Нет, нельзя знать всех людей — раз они такие разные. Можно только узнать себя и быть самим собой. Но как же тогда с «линией поведения»? Да, как же с линией поведения? И для чего она нужна? Чтобы преуспевать? А преуспевать — это все равно что делать карьеру? Я спросила Юрку: «Ты карьерист?» Он ответил: «Нет, я рационалист».
Вот оно слово — рационализм! Юрка говорит: «Мы живем в двадцатом веке, нам ни к чему сентиментальные излияния. Практицизм — вот что нам нужно». Ну что ж, он, может, и прав. Практичные платья, практичная мебель. Даже архитектура… Когда мы с Юркой шли по улице Зодчего Росси, он остановил меня и сказал: «А ведь неплохо, а? И пропорции, и стиль, и чувство меры. А не смотрится. Не восхищает. Черт знает, анахронизм какой-то!» — «Да, теперь так не строят», — сказала я, хотя, по-моему, все-таки вполне «смотрится». Но спорить с Юркой об архитектуре — дело гиблое.
Ну хорошо, архитектура, одежда, промышленность — все это дела людей. А сами люди? Их отношения? «Отношения, — сказал Юрка, — служат делу так же, как служим мы сами. Это самое большое и самое сильное значение человеческих отношений.

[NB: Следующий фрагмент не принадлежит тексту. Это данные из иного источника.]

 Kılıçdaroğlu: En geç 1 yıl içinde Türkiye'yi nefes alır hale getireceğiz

Если бы человек мог осуществлять прогресс в одиночку, ему не было бы нужды вступать в отношения с другими людьми». Мне никогда не приходило в голову рассматривать людей только как «двигателей прогресса». С людьми интересно работать, пойти в кино, поговорить… Мои доводы иссякают. Они такие простые, такие слабые перед стройной системой Юрки. Юрка, вооруженный этой системой, отделяется для меня от Юрки небритого, целующего меня в парадном. Он начинает отдельное существование. Он со своим высоким предназначением пугает меня. Я стараюсь не думать о нем, стараюсь вспомнить, как выглядит тот Юрка, обыкновенный, мой. У него широко расставленные рыжие глаза и брови поднимаются к вискам от переносья, и он любит тереться небритой щекой о мою щеку. А ведь, если подумать, это так нерационально! Я успокаиваюсь, отворачиваюсь к стене и засыпаю.

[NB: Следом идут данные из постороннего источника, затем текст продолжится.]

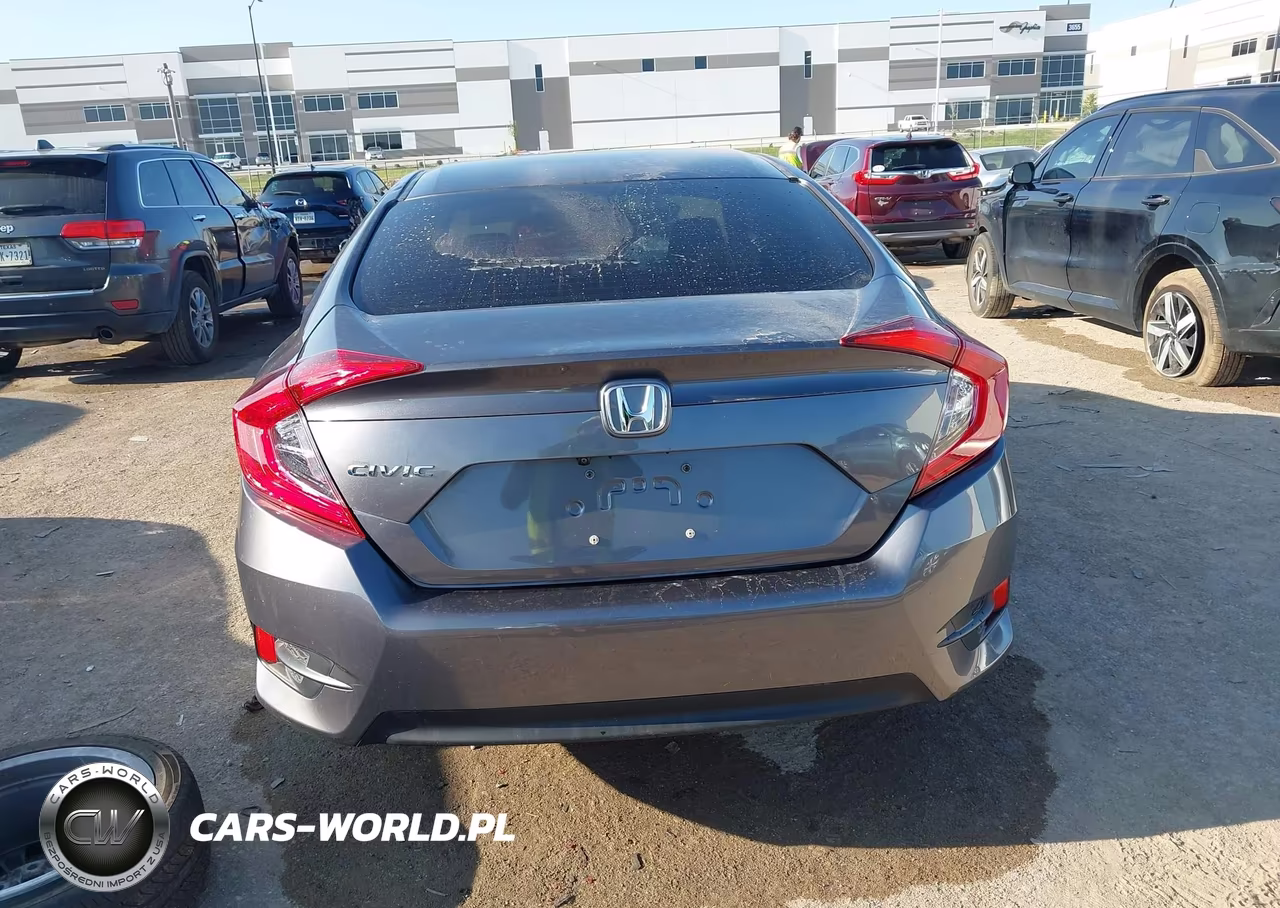 2018 Honda Civic Lx VIN:2HGFC2F51JH594628 - 16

Я просыпаюсь разбитая. Мне снился глупый сон. Всю ночь Юрка вооруженный боролся с небритым Юркой. Хотел истребить его. Я пыталась помочь моему Юрке, но не могла: я спала. Это было невыносимо.
— Вставай, вставай, на работу опоздаешь, — говорит тетя Муза. Она не понимает, что всю ночь мне снился сон и что сейчас голова у меня тяжелая и мысли тяжелые, неповоротливые. Спросить, что ли, у тети Музы, что бы значил такой сон? Странно все-таки, что тетя Муза, работник отдела кадров на передовом ленинградском заводе, верит в сны и предчувствия.

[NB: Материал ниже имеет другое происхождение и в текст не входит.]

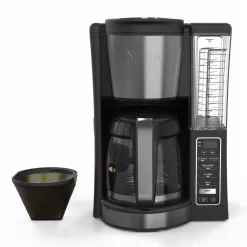 Hot Sale 🥰 NINJA 12-Cup Programmable Black Drip Coffee Maker With Filter 🛒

— Сейчас, — говорю я тете Музе. — Сейчас встану.
Я заворачиваюсь в одеяло и прикрываю глаза. Сквозь ресницы я вижу, как в дрожащей комнате ходит дрожащая тетя Муза и собирает на стол завтрак. Это нехорошо, что она уже ходит, а я еще лежу. Я сажусь в постели и вдруг вспоминаю: ведь я уезжаю с Юркой на юг! Он сказал вчера, что мы с ним поедем. Если меня отпустят, если не будет против Соколова. И если — самое главное! — тетя Муза разрешит мне. Я вчера робела поговорить с тетей Музой. А сейчас мы обе торопимся на работу и самое время поговорить.